Amazon s’est offert cette semaine le site Twitch pour près d’un milliard de dollars. Twitch est une plateforme de streaming dédiée aux jeux vidéo : elle permet aux internautes d’observer des joueurs s’adonner à des jeux en ligne, comme d’autres suivent des compétitions sportives, et diffuse en direct ou à la demande les grandes compétitions des jeux les plus en vue. L’acquisition est révélatrice de la stratégie du géant du commerce en ligne Amazon, qui s’active tous azimuts pour établir et asseoir sa présence à tous les points de consommation émergents du Net – même si cette définition colle aussi à plusieurs autres géants du Net, dont on constate à cette occasion que les stratégies convergent de plus en plus même si leurs activités d’origine diffèrent. Amazon n’était pas le seul à courtiser Twitch : Google a essayé d’acquérir la plateforme pour une somme comparable, mais aurait renoncé au dernier moment en raison d’un possible véto des autorités américaines de la concurrence.

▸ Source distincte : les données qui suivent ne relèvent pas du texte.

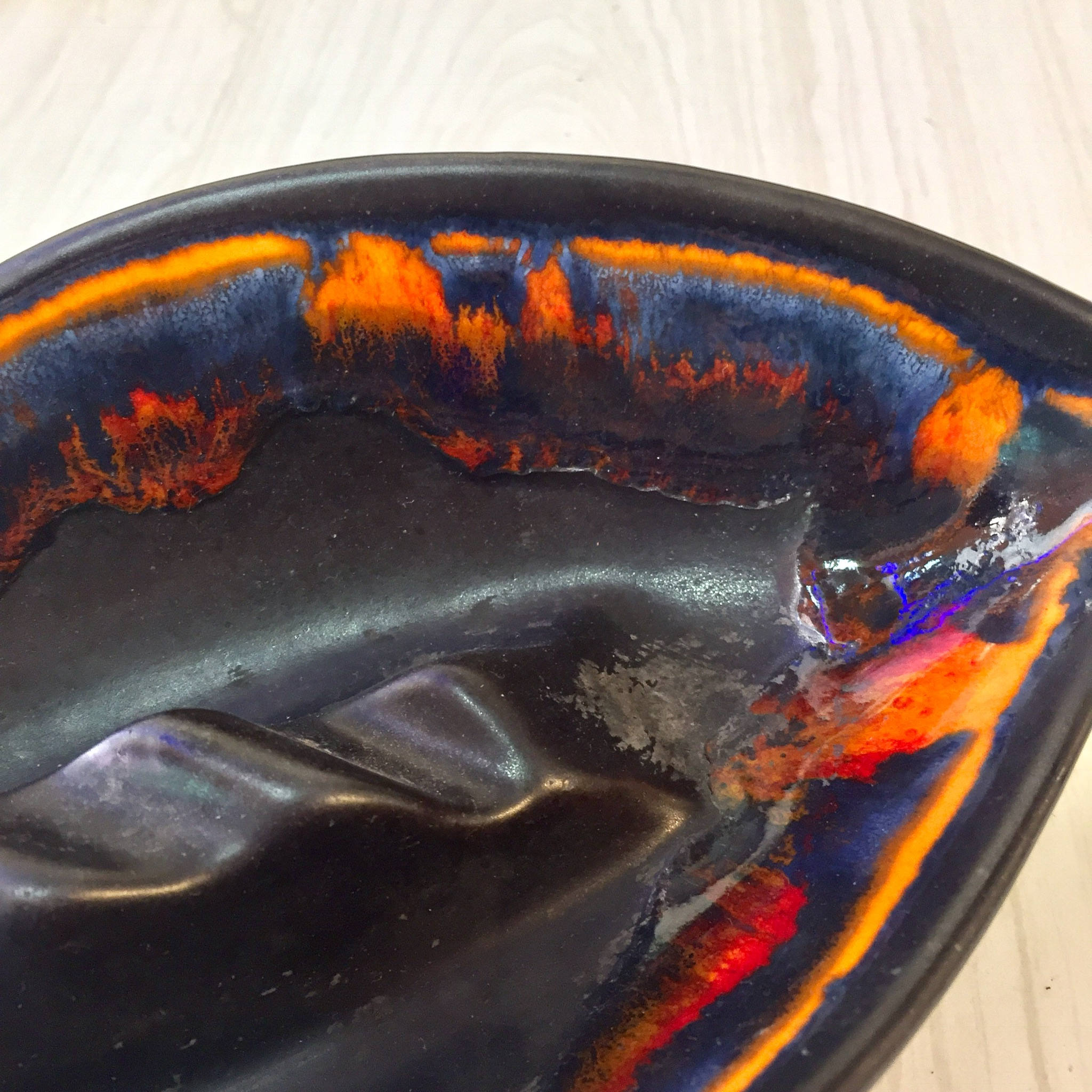 Mid Century Modern Royal Haeger Ashtray | Glazed Ceramic Ash Tray | MCM Home Decor | Black Ashtray | Mid Century Home Decor | Matte |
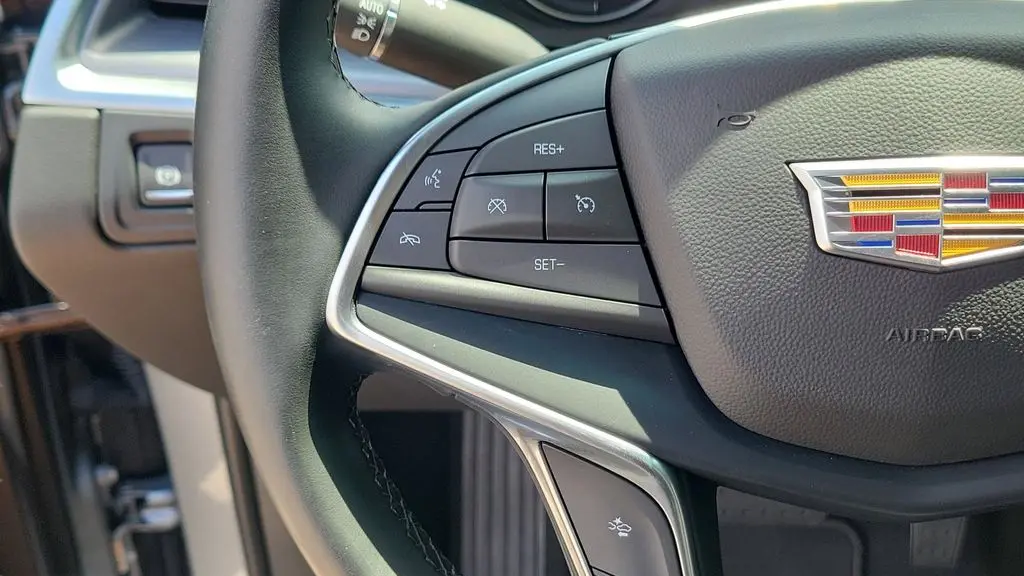 2025 Cadillac XT5 Luxury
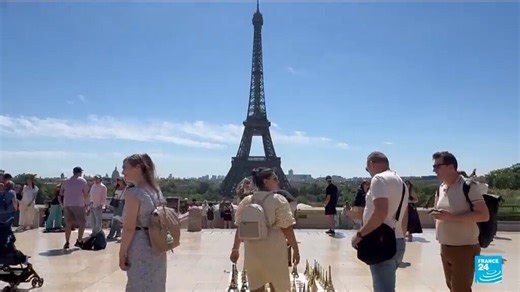 3.2K views · 71 reactions |  The #French capital is sweltering under a blanket of #heat. As heatwave conditions become more extreme across #Europe, temperatures are set to rise even higher in #Paris on Tuesday and Wednesday. | FRANCE 24 English | Facebook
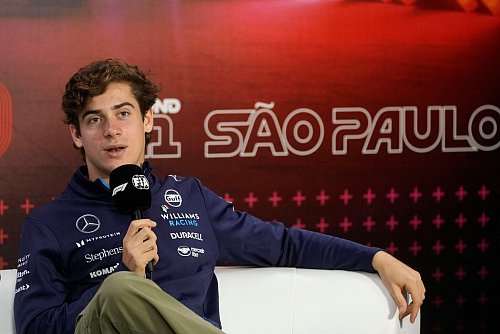 Franco Colapinto soll nun sein ersehntes Stammcockpit bekommen. - © Andre Penner/AP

Twitch existe depuis 2011. Il a été créé comme spin-off centrée sur le gaming de la plateforme de streaming Justin.tv, qui présentait depuis 2007 aussi d’autres types de contenus, dont la musique, et qui a cessé de fonctionner de manière abrupte début août 2014. La croissance de Twitch a été telle qu’il représente aujourd’hui le quatrième site aux États-Unis en matière de trafic Internet aux heures de points après Netflix, Google et Apple, avec 1,8 pour cent du volume total. On lui prête plus de 55 milions de visiteurs par mois, avec chacun une durée moyenne de visionnage d’une heure et demie par jour et un total de 15 milliards de minutes de stream visionnés. L’utilisateur typique est un homme âgé de 18 à 34 ans. Twitch est aussi disponible comme app pour iOS et Android.
Une fois de plus, le montant déboursé pour cette transaction a de quoi laisser rêveur : Twitch, basé San Francisco, emploie quelque 80 employés. Et bien que la publicité qu’un tel canal peut diffuser vers un public d’aficionados et de consommateurs passionnés de technologie soit citée comme l’un des ressorts de la transaction, il est bien connu que les gamers y sont assez rétifs, du moins dans ses versions frontales.
Twitch met davantage en avant l’interactivité, avec par exemple des canaux de chat, très actifs, qui permettent de commenter à chaud les performances des gamers. Les joueurs ou les compétitions les plus en vue attirent des dizaines, voire des centaines de milliers de spectateurs. Signe qu’une plateforme comme celle-ci peut transcender les intentions des auteurs d’origine d’un jeu vidéo et ouvrir de nouveaux horizons en matière d’interactivité, des utilisateurs de Twitch ont participé début 2014 à une initiative remarquée autour du jeu Pokémon Red, avec un système qui permet d’utiliser des commandes entrées dans le cadre du chat pour contrôler le jeu. Le stream, nommé Twitch Plays Pokemon, a connu un tel succès qu’il est règulièrement suivi depuis par 60 à 70 000 internautes, dont un dixième interviennent comme joueurs. Bien que le jeu soit passablement primitif, son caractère « temps réel » en fait un passe-temps addictif. Twitch est indéniablement leader sur son créneau, les canaux comparables sur YouTube ou d’autres plateformes étant loin de réunir des audiences comparables. L’acquisition de Twitch par Amazon est largement perçue comme un épisode de son affrontement avec Google. Les deux géants cherchent à imposer leur présence sur toutes les interfaces significatives du Net. En plus des points d’entrée classiques, fixes ou mobiles, cela inclut donc aussi les principales consoles utilisées pour les activités ludiques tels que Play-station ou Xbox, qui peuvent également participer à la stratégie de ces deux groupes pour servir de la publicité et occuper les relais pouvant déboucher sur des actes d’achat.